Thomas Merton was born on this day in 1915. Merton’s autobiography Seven Storey Mountain has been a book that has helped many people find their way to Christian faith, or at least to feel the attraction of it. Merton’s persuasiveness came partly from his oddness: A well-educated cosmopolitan type who had lived a fairly dissolute life, he became a reclusive contemplative monk in Kentucky. No sooner was he hidden away in a life of solitude than he became a best-selling author carrying out a wide correspondence with leaders and intellectuals. In seclusion, he thought and wrote constantly about the global political unrest of mid-century. The further he went into his life as a Christian monk, the more he felt his vocation had something in common with Eastern religions. No wonder his books speak to a class of people who feel themselves to be boundary cases, misfits, and unlikely believers.
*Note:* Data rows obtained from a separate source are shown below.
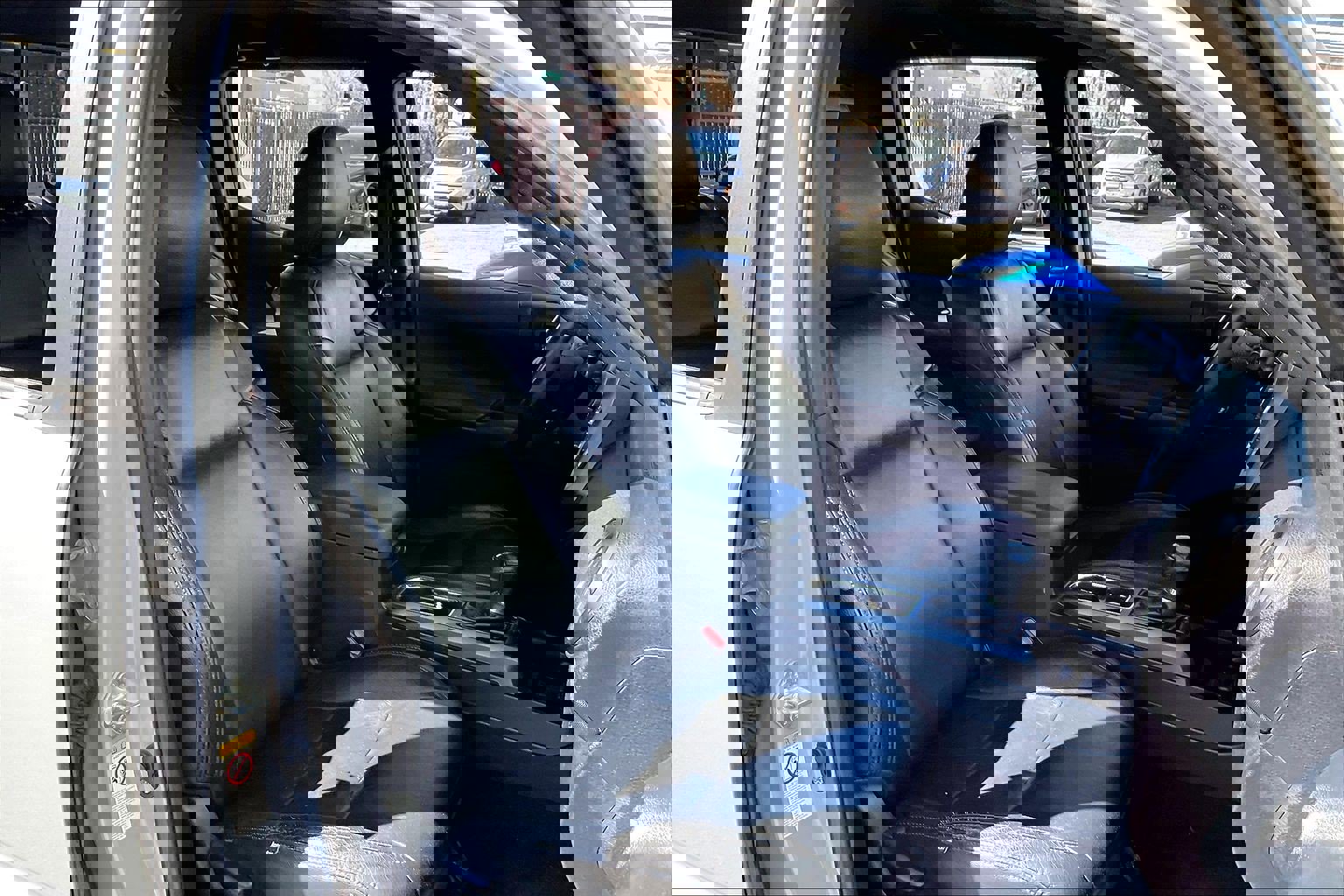 Used 2019 Toyota Tacoma TRD Off-Road w/ Technology Package image 6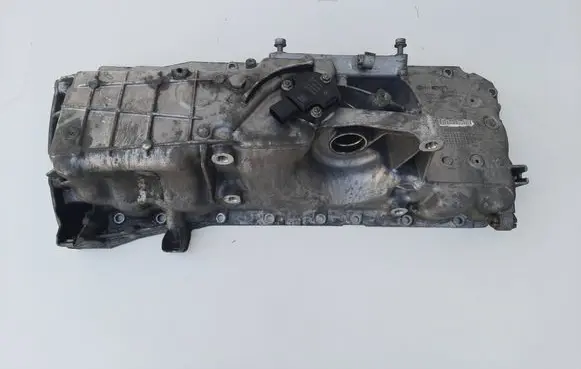 Oil sump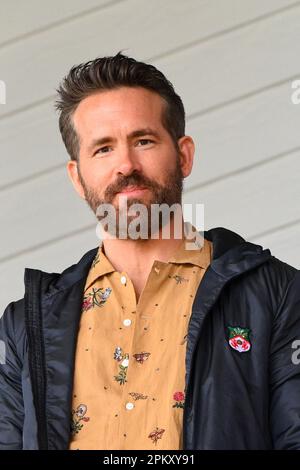 Wrexham, Großbritannien. 10. April 2023 Wrexham, Großbritannien. 10. April 2023. Ryan Reynolds, Eigentümer von Wrexham während des Spiels der Vanarama National League zwischen Wrexham und Notts County am Glyndµr University Racecourse Stadium, Wrexham, am Montag, den 10. April 2023. (Foto: Jon Hobley | MI News) Guthaben: MI News & Sport /Alamy Live News Stockfoto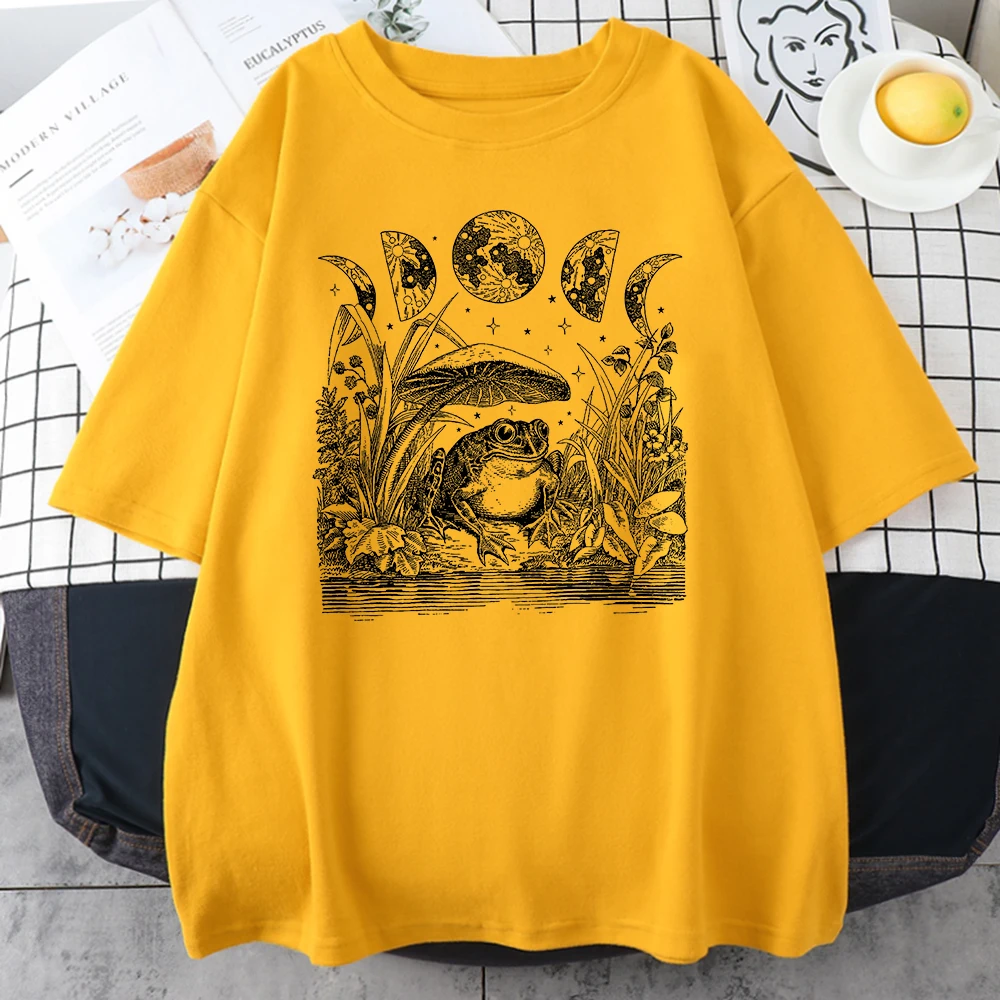 Cute Cottagecore Aesthetic Frog Mushroom Moon Witchy T-Shirt Men Crewneck Cotton Summer O-Neck Tee Clothes Oversize Mens T Shirt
Merton is one of those authors who I enjoy reading short selections from, but who is increasingly off-putting the more I think about his life and persona. For me, the best Merton books have been not the sustained arguments and certainly not the autobiographical texts, but the devotionals that come in short doses. Seeds of Contemplation is the best, and here is a passage from that book that I find very insightful. It’s from chapter four, “We are One Man.”
Who can escape the secret desire to breathe a different atmosphere from the rest of men? Who can do good things without seeking to taste in them some sweet distinction from the common run of sinners in this world?
This sickness is most dangerous when it succeeds in looking like humility. When a proud man thinks he is humble his case is hopeless.
Here is a man who has done many things that were hard for is flesh to accept. He has come through difficult trials and done a lot of work, and by God’s grace he has come to possess a habit of fortitude and self-sacrifice in which, at last, labor and suffering become easy. It is reasonable that his conscience should be at peace. But before he realizes it, the clean peace of a will united to God becomes the complacency of a will that loves its own excellence.
The pleasure that is in his heart when he does difficult things and succeeds in doing them well, tells him secretly: “I am a saint.” Then he realizes that other people admire him. The pleasure burns into a sweet, devouring fire. The warmth of that fire feels very much like the love of God. It is fed by the same virtues that nourished the flame of charity. He burns with self-admiration and thinks: “It is the fire of the love of God.”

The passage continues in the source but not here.